New technology at UH Manoa could change the future of MRIs - Hawaii News Now - KGMB and KHNL

New technology at UH Manoa could change the future of MRIs

MANOA, OAHU (HawaiiNewsNow) -

 

By Jade Storms

A groundbreaking discovery at UH Manoa School of Medicine could change the future of MRI scanning.

An early stage medical device company currently focused on motion correction technologies for Magnetic Resonance Imaging (MRI) announced the completion of a $700,000 first round of venture financing and the resulting formal launch of KinetiCor Inc.

KinetiCor is focused on commercializing its state-of-the-art motion correction technology for MRI, invented by Thomas Ernst, a physicist at the University of Hawaii at Manoa John A. Burns School of Medicine (JABSOM). This breakthrough technology enables remarkably accurate scans with correction of motion that could be a subtle as normal breathing.

"It takes about five to ten minutes to acquire one single scan of the brain," Ernst said. "So if you just move a very small amount, the images get blurry."

The new technology involves a marker that is placed on the patient's forehead and allows the imaging to track and adjust to the patient's movements. This is particularly useful for patients who have a hard time controlling their movement during a scan, such as children, the elderly, and those with head trauma, dementia, Parkinson's disease and brain tumors.

"What our technology does, is it basically allows the MR scanner to track along with you while you, as a patient, are moving within a scanner and eliminates the blurring that occurs in the images," said Dr. Jeffery Yu, CEO of KenetiCor.

Today, patients who move during MRI usually have to be sedated or have to repeat scans, but this technology could reduce the need for all of that.

"You know, in children, they have to undergo sedation, a lot of times to hold still enough," Yu explained. "We can reduce or even get rid of the need for sedation."

Yu said they are proud to have the support of the three premier Hawaii institutions, which include the University of Hawaii Foundation's Upside Fund, the Hawaii Medical Service Association and the Queen's Development Corporation, as equity investors in KinetiCor.

"We believe KinetiCor has harnessed a game-changing technology that can revolutionize the way MRIs are performed and will allow for consistent quality," Yu said.

KenetiCor has achieved early sales traction of its highly advanced prospective motion correction research prototypes at leading magnetic resonance research centers, including the University of Minnesota's Center for Magnetic Resonance Imaging, and Washington University in Saint Louis, in support of these institutions affiliation with the National Institute of Health Human Connectome Project.

Barry Weinman, University of Hawaii Foundation Upside Fund Managing Director, said that the UH Foundation Upside Fund was intrigued by KinetiCor, not only for its extraordinary technology, but because of the financial upside that could be achieved by commercializing UH's intellectual property.

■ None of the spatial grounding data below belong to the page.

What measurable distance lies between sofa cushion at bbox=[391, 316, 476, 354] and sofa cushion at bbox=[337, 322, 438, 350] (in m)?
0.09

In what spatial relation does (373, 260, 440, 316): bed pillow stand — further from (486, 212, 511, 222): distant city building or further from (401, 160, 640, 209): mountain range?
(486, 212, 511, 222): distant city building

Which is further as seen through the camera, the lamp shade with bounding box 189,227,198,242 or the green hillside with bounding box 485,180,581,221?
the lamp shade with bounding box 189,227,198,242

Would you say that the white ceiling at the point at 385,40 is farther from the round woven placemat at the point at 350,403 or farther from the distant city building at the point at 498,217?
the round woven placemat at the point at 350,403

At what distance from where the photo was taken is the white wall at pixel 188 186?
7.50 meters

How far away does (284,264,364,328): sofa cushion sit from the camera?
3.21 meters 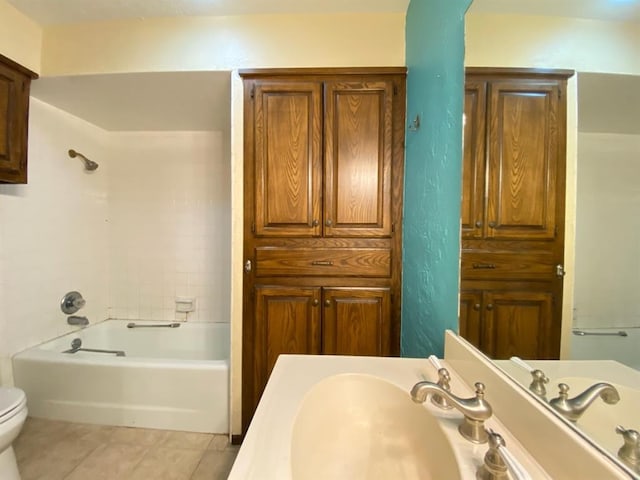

"More than $2 billion globally a year is wasted by having to re-do MRI scans because the patient moves and blurs the images," Weinman said. "Dr. Ernst and the JABSOM Neuroscience and Magnetic Research team, in collaboration with two other universities, have solved the problem of blurry images. This will not only save significant money but will enable MRI machines to be able to diagnose conditions that they can't today."

The company's technology is currently for research purposes only and has not been cleared by the FDA for clinical use, but Yu is hopeful that this will get into the market within the next decade.